TASK ITEM
Drop the pictures; give again exactly the lines from the one holding "Now you'll notice" through the end of the data.

▼▼▼

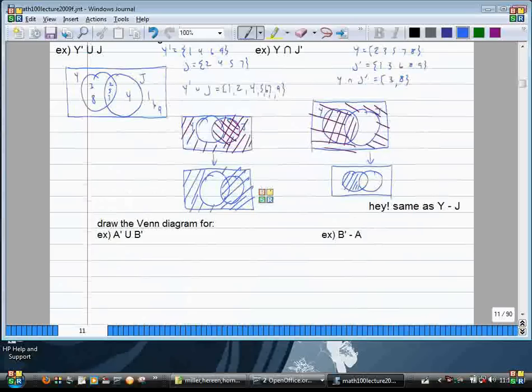Now let's work with just abstract sets and no elements — all diagram, no elements. We'll draw the Venn diagram for A complement union B complement.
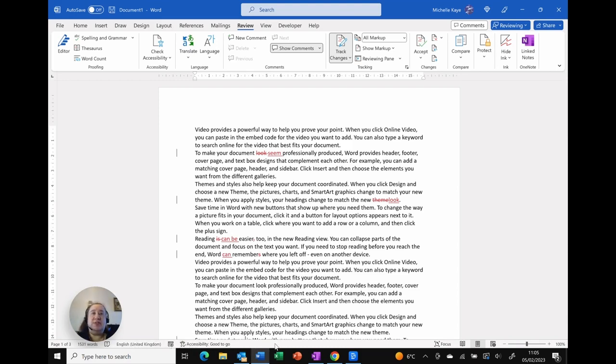Now you'll notice that you've got the standard items which is page numbering, the word count, your language, accessibility.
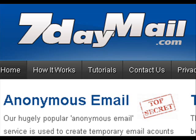Any problems? Please let us know using the Contact Us link on the site's navigation menu.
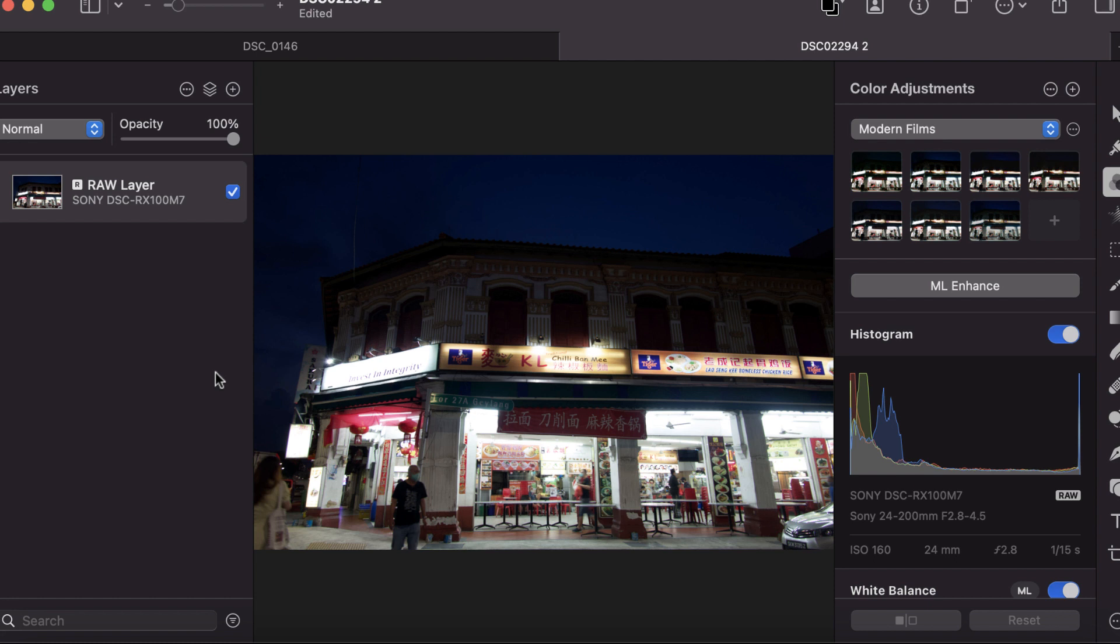I want to reiterate that both Affinity and Pixelmator Pro are softwares I use regularly. They are both excellent, but we have to come up with a winner, and I think the winner really is Pixelmator Pro in 2022.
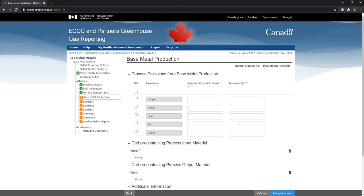Hi again everyone, Mahmoud here from the Greenhouse Gas Reporting Program. In this video, I will be demonstrating how you can use the ECCC and Partners GHG reporting module in SWIM to report your base metal expanded emissions data to Environment and Climate Change Canada.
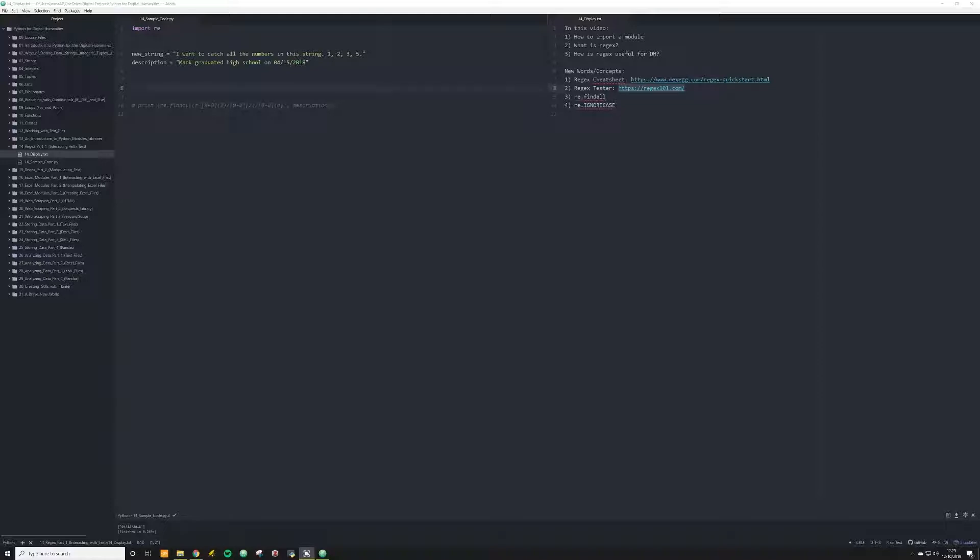In this video, I'm going to be talking about some of the more basic functions that you can do with what I think is, for DH projects, one of the, if not the most useful module or library. That module or library is REGEX, which stands for regular expression.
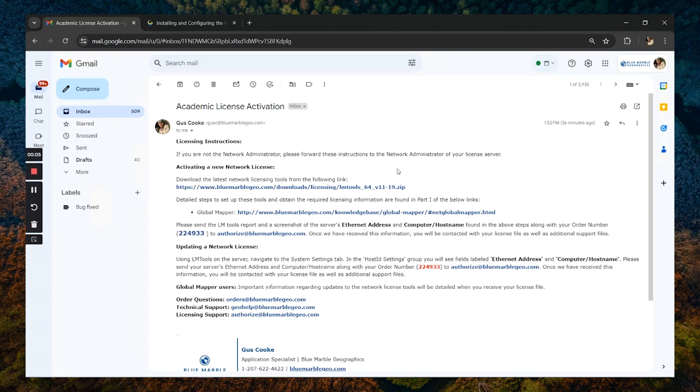Once you've been accepted into the academic program, you should receive an email containing instructions indicating how to activate your network licensing server.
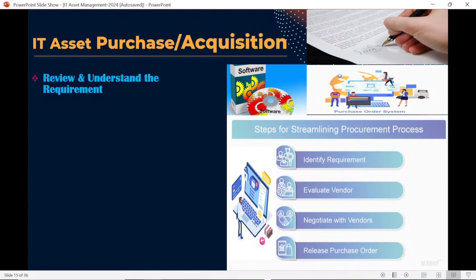The first and most important step is the review of the actual business requirement. Once the review is completed and the required quantity is confirmed to the procurement team, the procurement team will start working on creating a Purchase Order based on our requirement. They know how many laptops are needed, where to buy them, and which vendors are whitelisted within our organization.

▲▲▲

WRITTEN SOLUTION
Now you'll notice that you've got the standard items which is page numbering, the word count, your language, accessibility.
Any problems? Please let us know using the Contact Us link on the site's navigation menu.
I want to reiterate that both Affinity and Pixelmator Pro are softwares I use regularly. They are both excellent, but we have to come up with a winner, and I think the winner really is Pixelmator Pro in 2022.
Hi again everyone, Mahmoud here from the Greenhouse Gas Reporting Program. In this video, I will be demonstrating how you can use the ECCC and Partners GHG reporting module in SWIM to report your base metal expanded emissions data to Environment and Climate Change Canada.
In this video, I'm going to be talking about some of the more basic functions that you can do with what I think is, for DH projects, one of the, if not the most useful module or library. That module or library is REGEX, which stands for regular expression.
Once you've been accepted into the academic program, you should receive an email containing instructions indicating how to activate your network licensing server.
The first and most important step is the review of the actual business requirement. Once the review is completed and the required quantity is confirmed to the procurement team, the procurement team will start working on creating a Purchase Order based on our requirement. They know how many laptops are needed, where to buy them, and which vendors are whitelisted within our organization.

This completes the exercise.